Write out exactly, please, every line from the beginning of the entries to the line holding "2/9 Lambert Street, Kangaroo Point QLD 4169", and no pictures.

[Short web captions]
┌────────

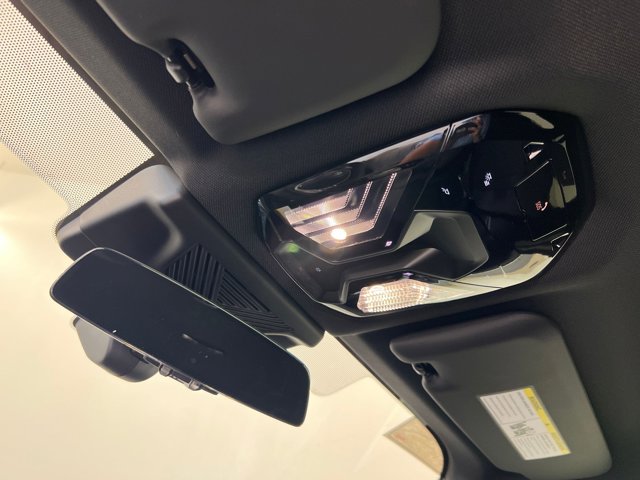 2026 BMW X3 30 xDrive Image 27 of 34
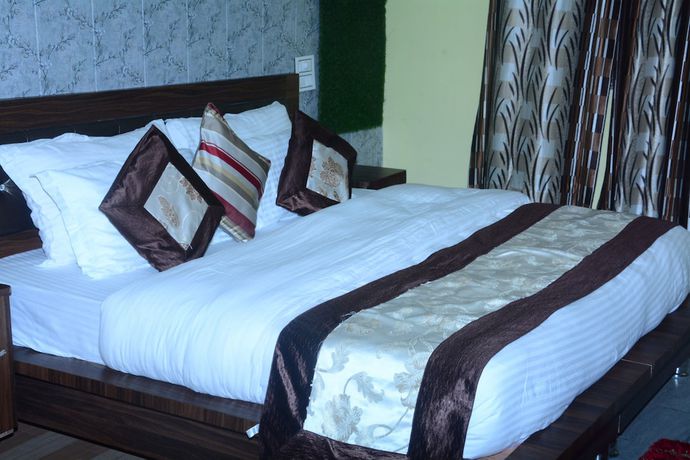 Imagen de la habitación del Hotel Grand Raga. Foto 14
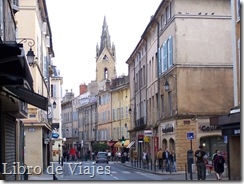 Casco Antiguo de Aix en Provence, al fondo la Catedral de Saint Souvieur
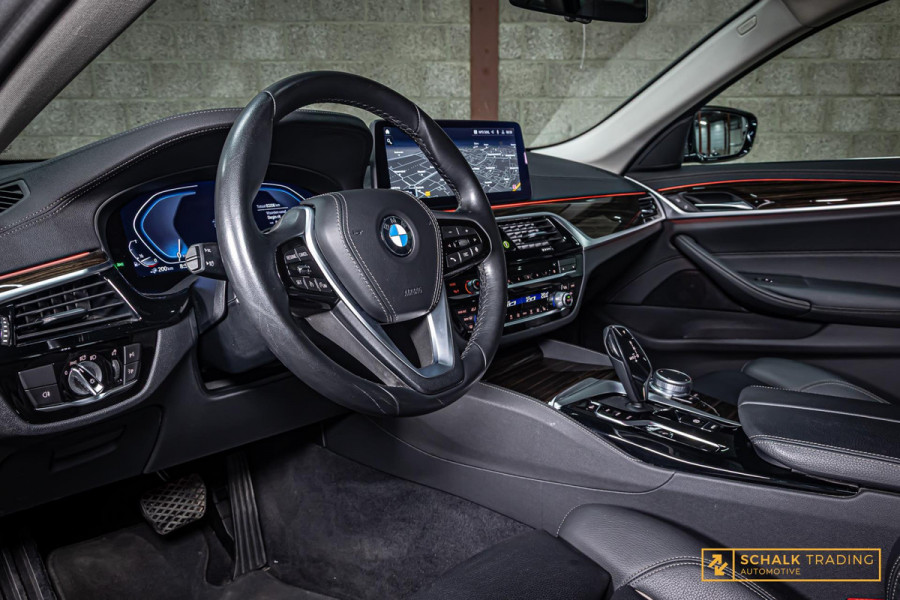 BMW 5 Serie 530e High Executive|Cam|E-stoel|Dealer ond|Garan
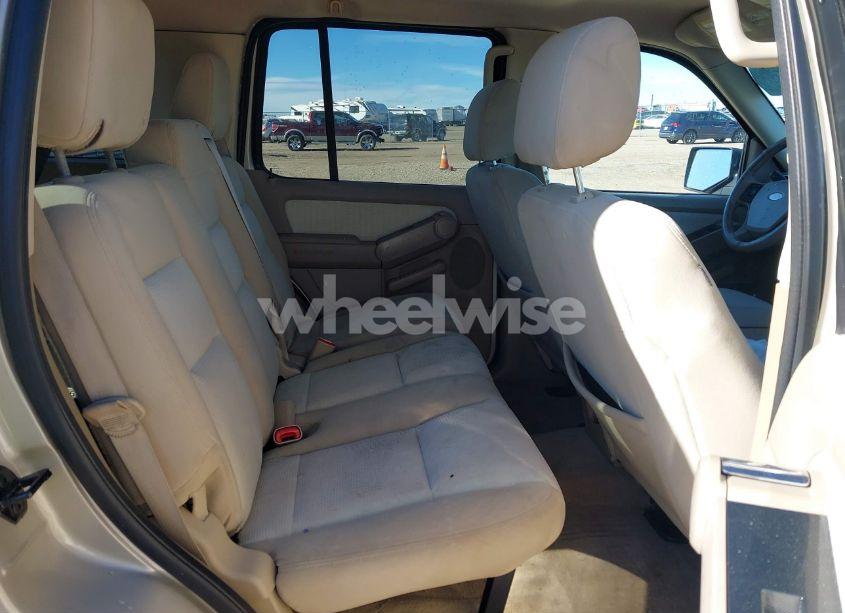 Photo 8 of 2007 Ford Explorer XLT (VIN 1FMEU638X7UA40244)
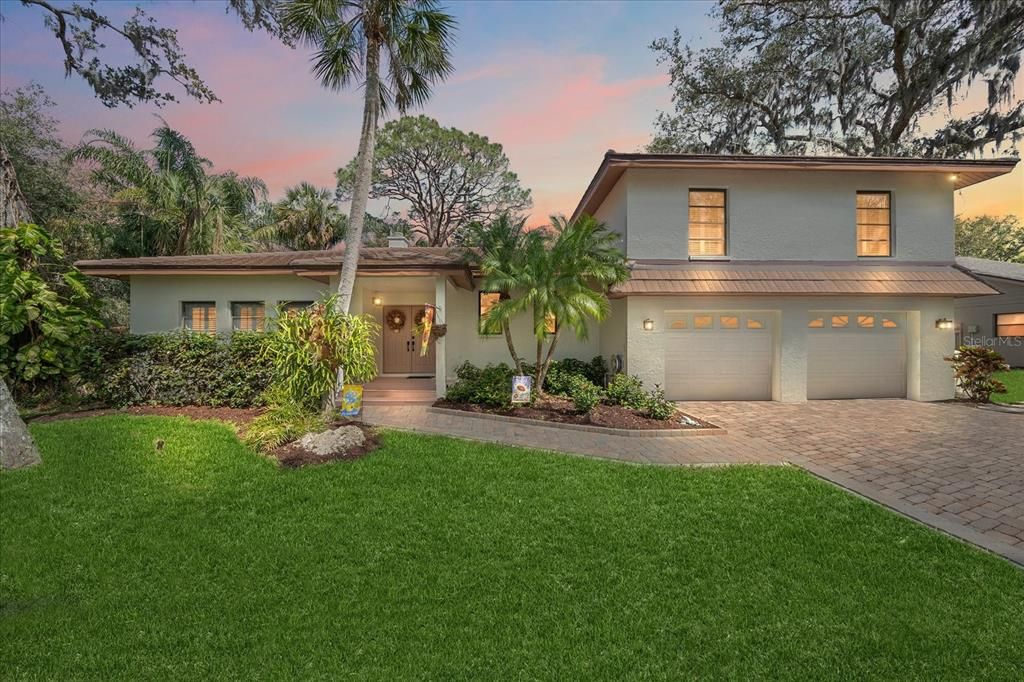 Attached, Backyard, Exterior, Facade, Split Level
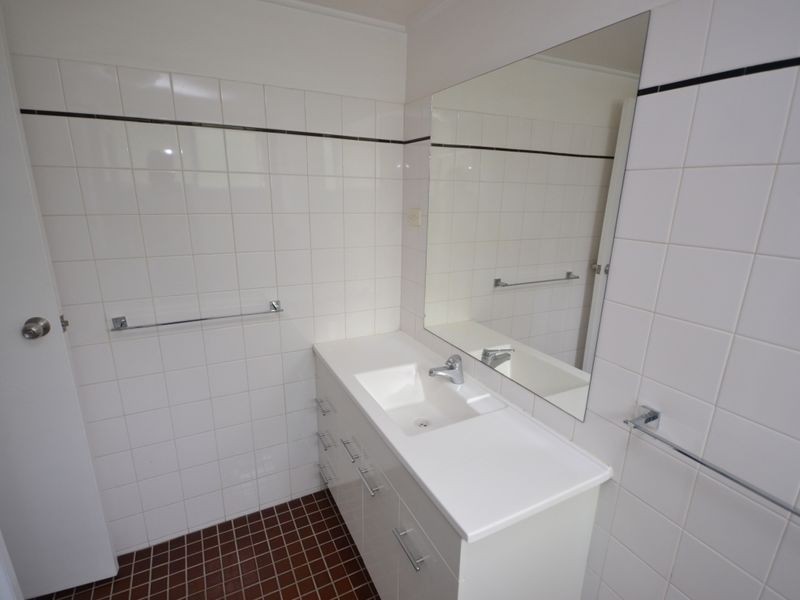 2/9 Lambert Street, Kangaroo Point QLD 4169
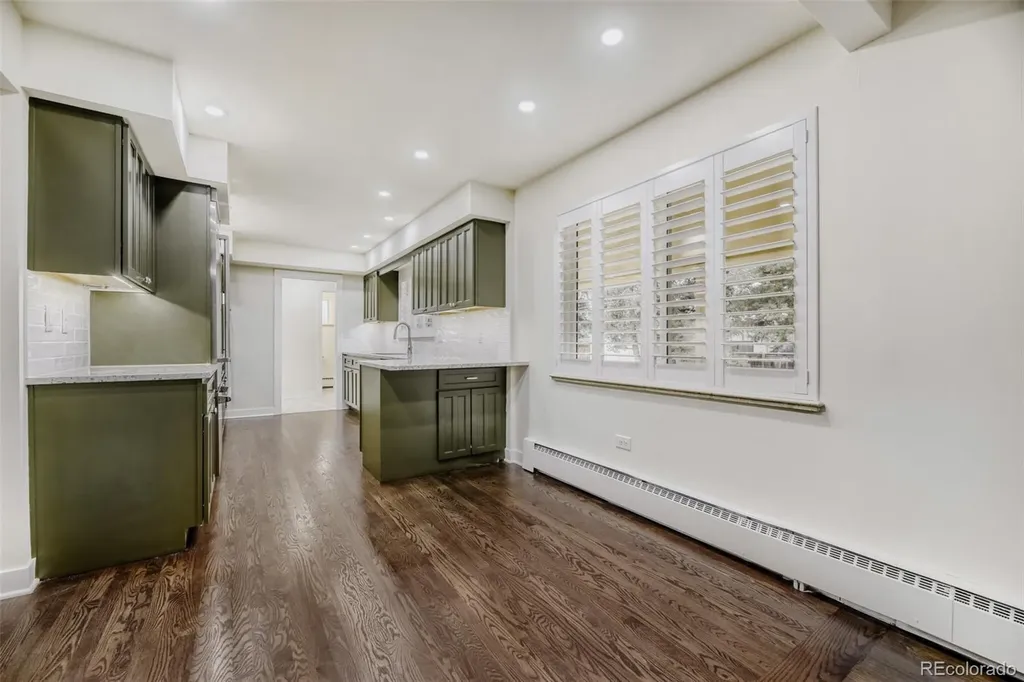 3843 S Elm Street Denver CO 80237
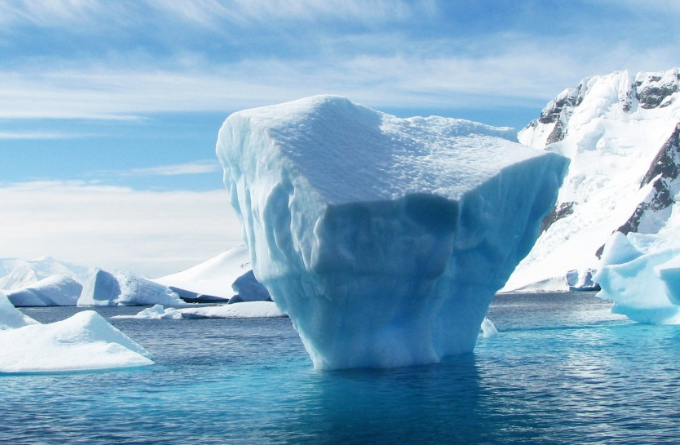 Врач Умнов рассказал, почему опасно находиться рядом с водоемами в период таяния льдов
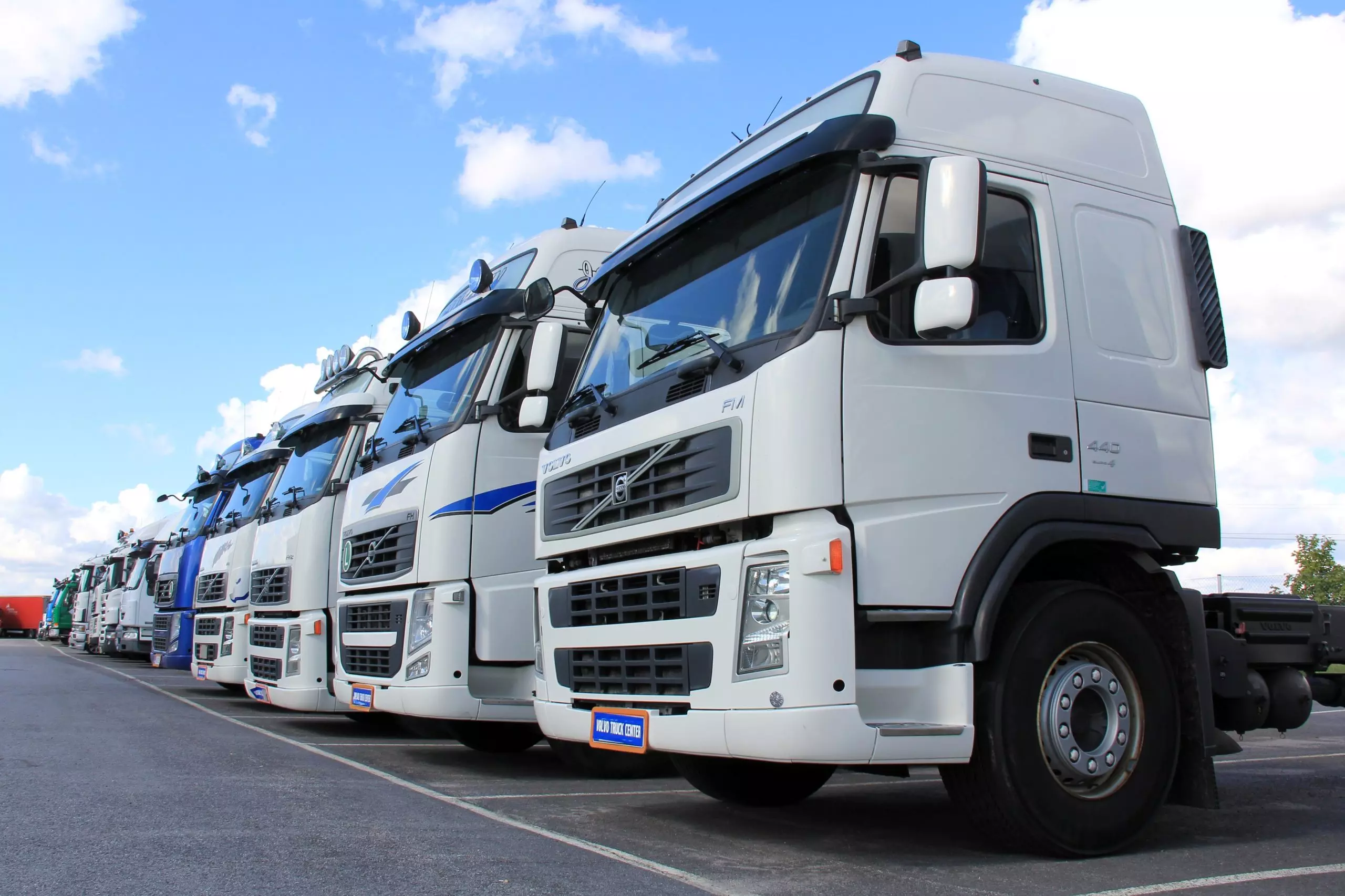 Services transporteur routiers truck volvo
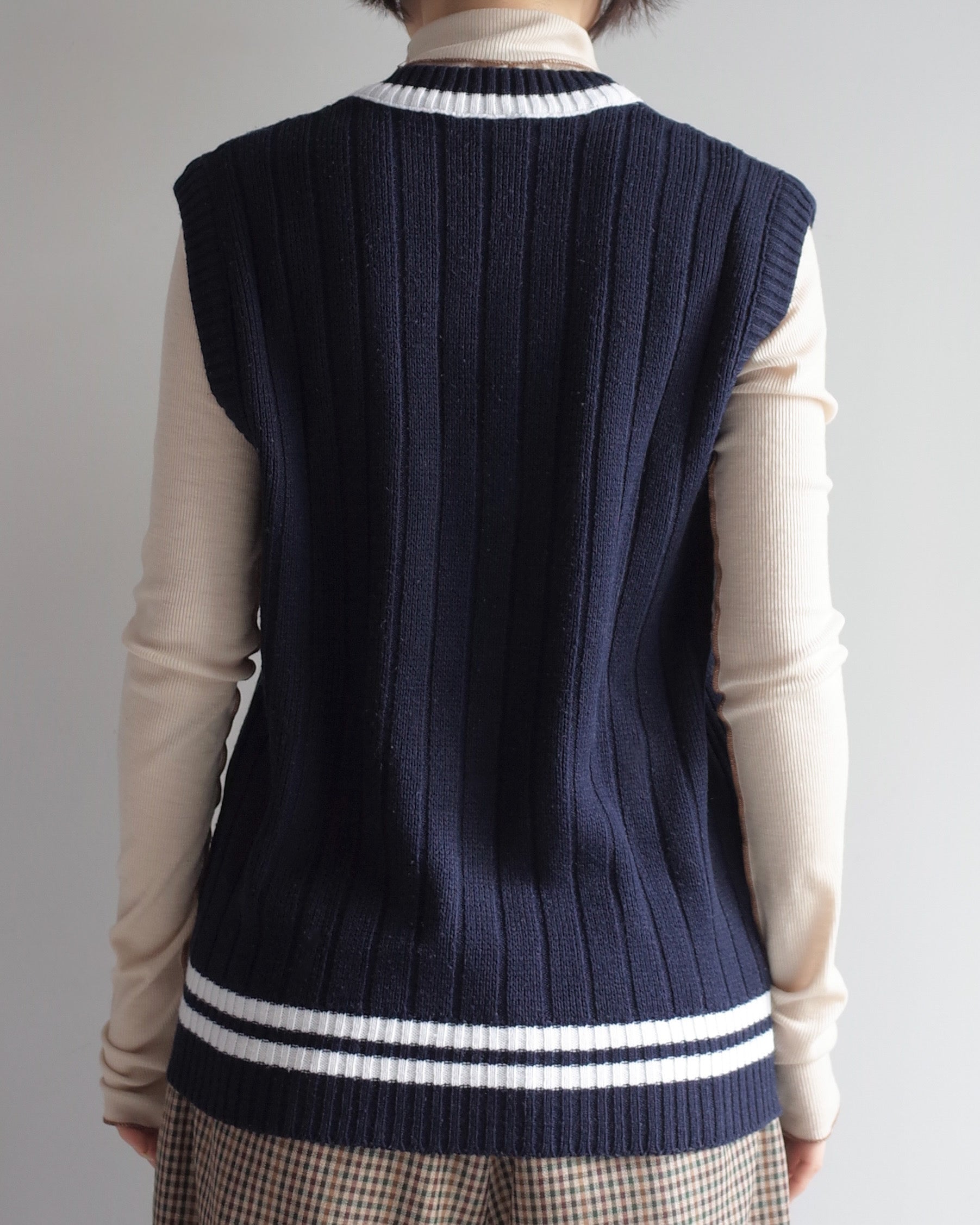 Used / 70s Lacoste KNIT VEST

└────────

RESPONSE:
 2026 BMW X3 30 xDrive Image 27 of 34
 Imagen de la habitación del Hotel Grand Raga. Foto 14
 Casco Antiguo de Aix en Provence, al fondo la Catedral de Saint Souvieur
 BMW 5 Serie 530e High Executive|Cam|E-stoel|Dealer ond|Garan
 Photo 8 of 2007 Ford Explorer XLT (VIN 1FMEU638X7UA40244)
 Attached, Backyard, Exterior, Facade, Split Level
 2/9 Lambert Street, Kangaroo Point QLD 4169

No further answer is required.